I am smokin' spares and abt's for a family gathering in a couple of weeks. I am just wandering what the going price is for abt's. I am buying a 1/2 bushel, that is around 125 japs, not all will be abt's. I split them in half, so of course it will be double (50=100), wrapping with bacon and a lil smokey link and cream cheese.

Any info would be appreciated.


----------



## eman (Oct 14, 2010)

You asking for a selling price or what the cost will be to make 50 abts???


----------



## rp ribking (Oct 15, 2010)

eman said:


> You asking for a selling price or what the cost will be to make 50 abts???




Eman, I am asking about a selling price.


----------



## bmudd14474 (Oct 15, 2010)

I have seen other catering companies charge $20-$22.50  a dozen.
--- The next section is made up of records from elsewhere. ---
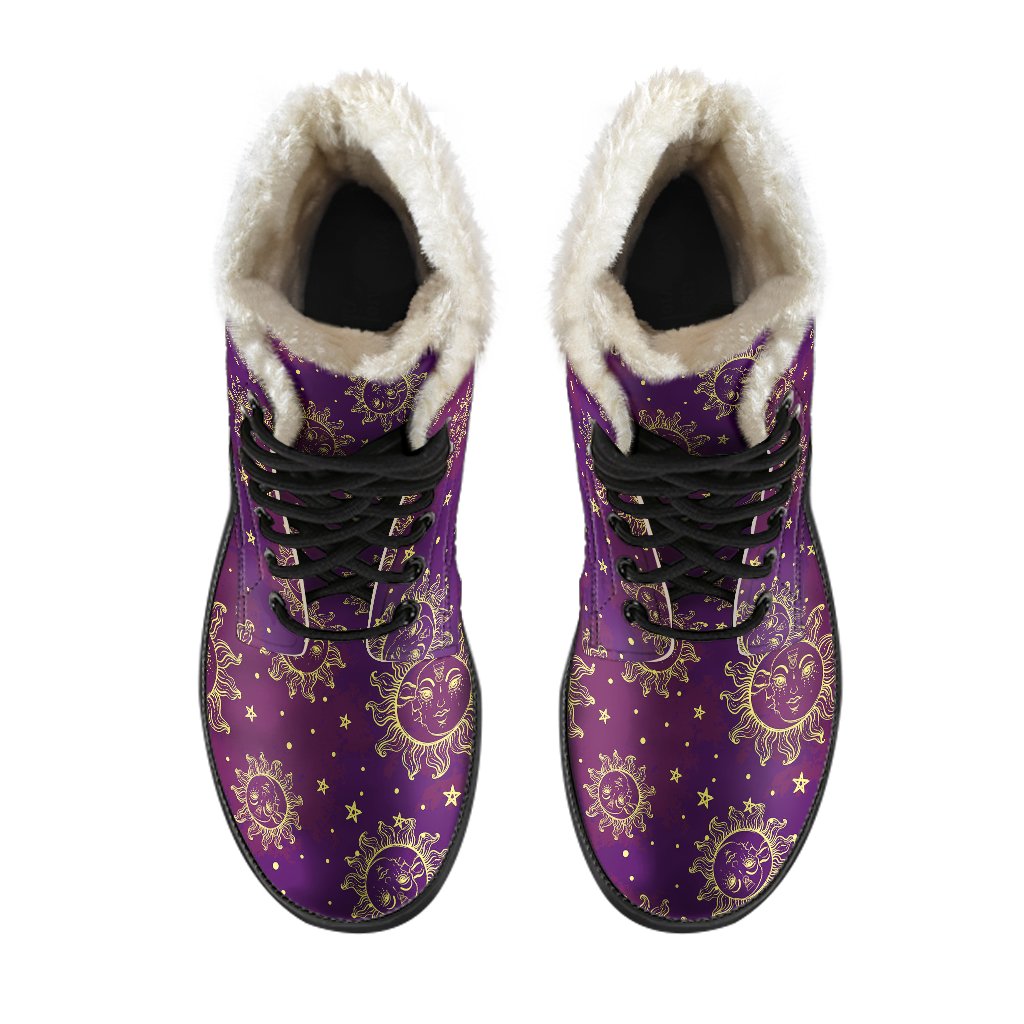 Sun Moon Star Design Themed Print Faux Fur Leather Boots-JTAMIGO.COM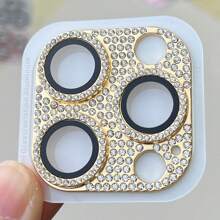 New One-Piece Gold Rhinestone-Studded Camera Lens Film For Mobile Phone, Works Comaptible With IPhone11, Compatible With IPhone11pro, Compatible With IPhone11pro Max, Compatible With IPhone 12, Compatible With IPhone 12mini, Compatible With IPhone 12pro, Compatible With IPhone 12promax, Compatible With IPhone 13, Compatible With IPhone 13mini, Compatible With IPhone 13pro, Compatible With IPhone 13promax, Compatible With IPhone 14, Compatible With IPhone 14plus, Compatible With IPhone 14pro, Compatible With IPhone 14promax, Compatible With IPhone 15, Compatible With IPhone 15plus, Compatible With IPhone 15pro, Compatible With IPhone 15promax, Compatible With IPhone 16, Compatible With IPhone 16plus, Compatible With IPhone 16pro, Compatible With IPhone 16promax Gift For Birthday, Family, Friends Sparkling Crystal, Lens Protector, Phone Accessories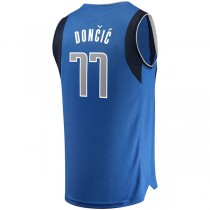 D.Mavericks #77 Luka Doncic Fanatics Branded Fast Break Replica Jersey Blue Icon Edition Stitched American Basketball Jersey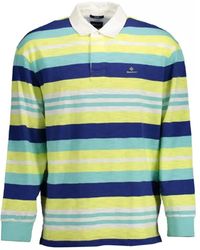 GANT - Tops ,Veelkleurig ,Gele Polo Shirt Met Lange Mouwen En Borduursel - Lyst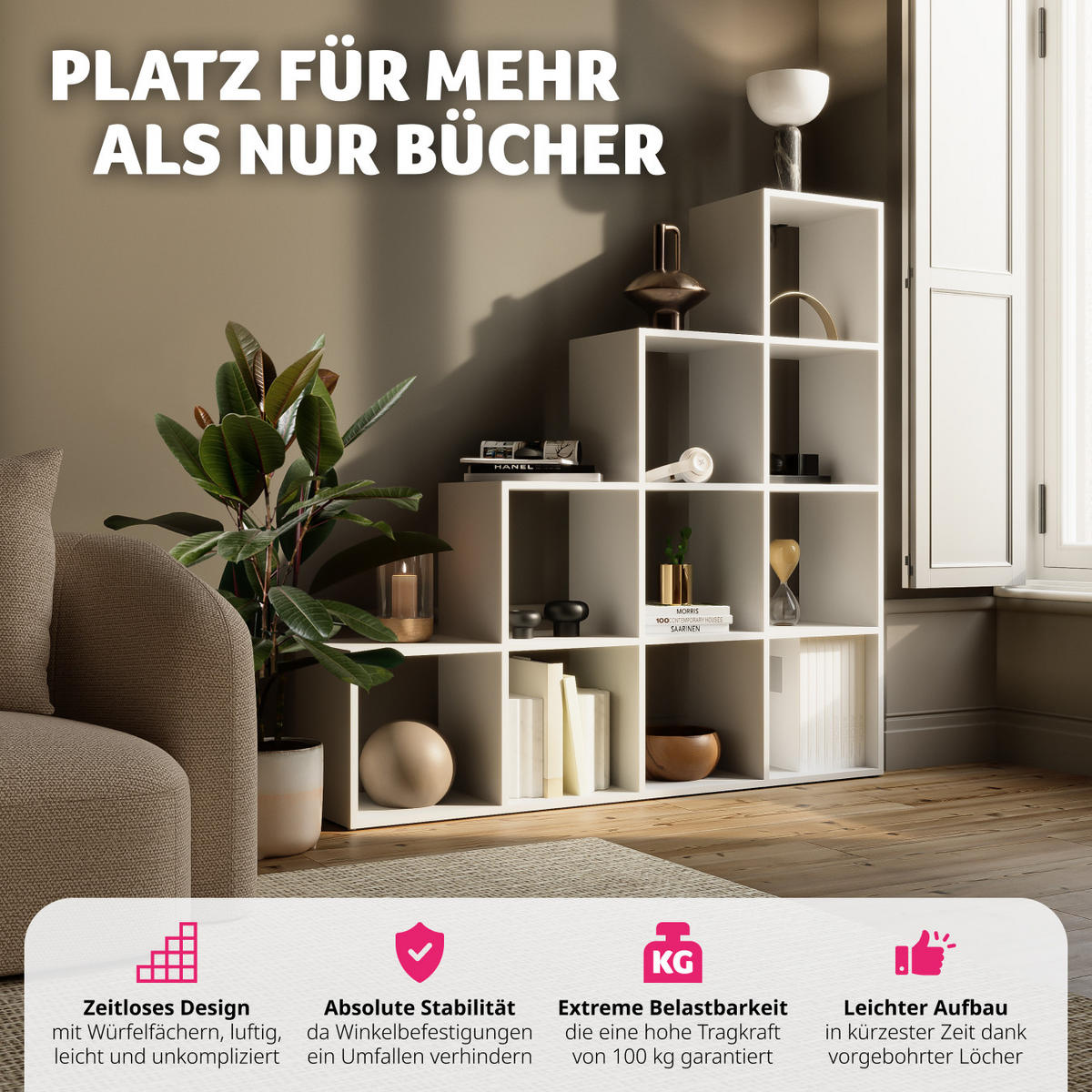 BÜCHERREGAL Talisa,130 x 29 cm x 130 cm,weiß - Weiß, Holzwerkstoff (130/130/29cm) - tectake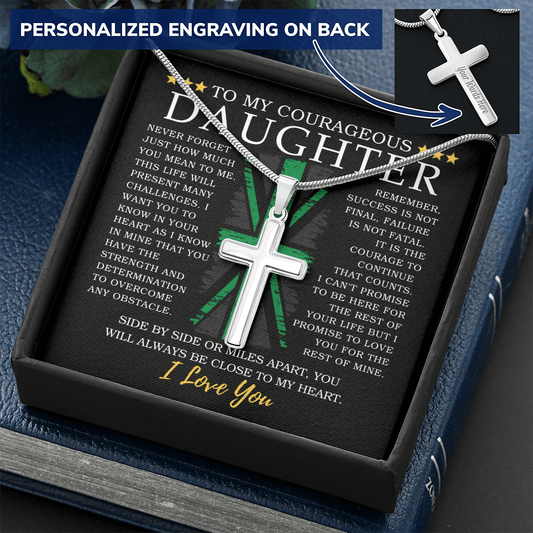 To My Courageous Daughter - UK Military Appreciation - Engravable Snake Chain Cross - The Gift Eternal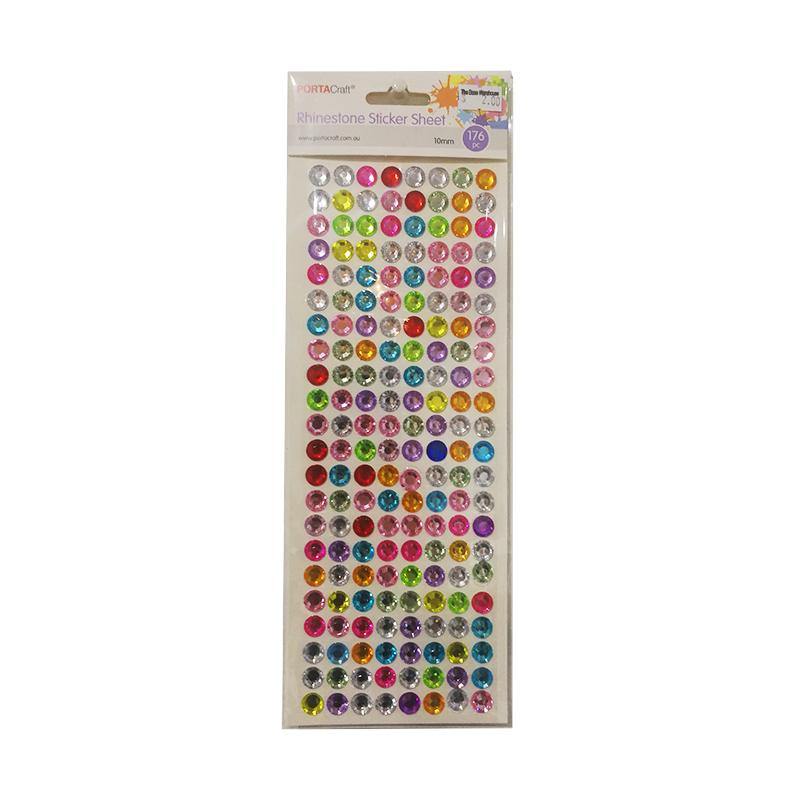 176 Piece Multicolour Rhinestone Sticker Sheet - 1cm - The Base Warehouse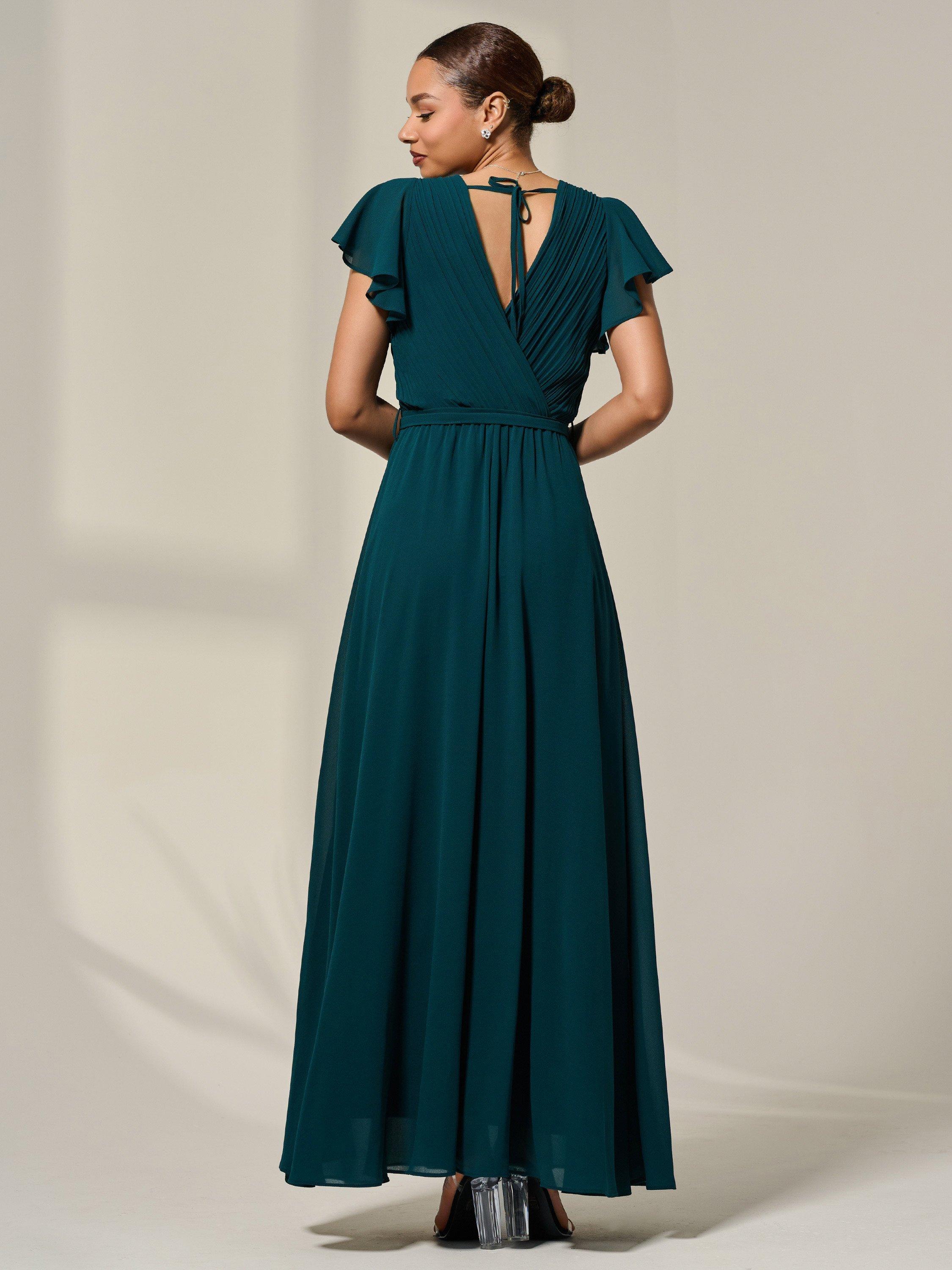 Product image 3 of 7, which shows Jolie Moi Flutter Sleeve Chiffon Maxi Dress, Dark Green, 8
They are cored and not halved.  Figure your cost for everything and add your profit. You may end up right around the price I have seen. Hope that helps. BTW This catering company was in Reno NV


----------



## eman (Oct 15, 2010)

Try cost times X 

 If you can get the stuff to make em cheap x = 3 if it cost ya a bit x=4\

No less than  $2 each if your making 100. abt's are very labor intensive. more so than most meats you will smoke.

 Just look at most caterers ,they charge at least a dollar for a small square of cake.

 baked in a large sheet pan and sliced.

 ALOT less labor than ABTs


----------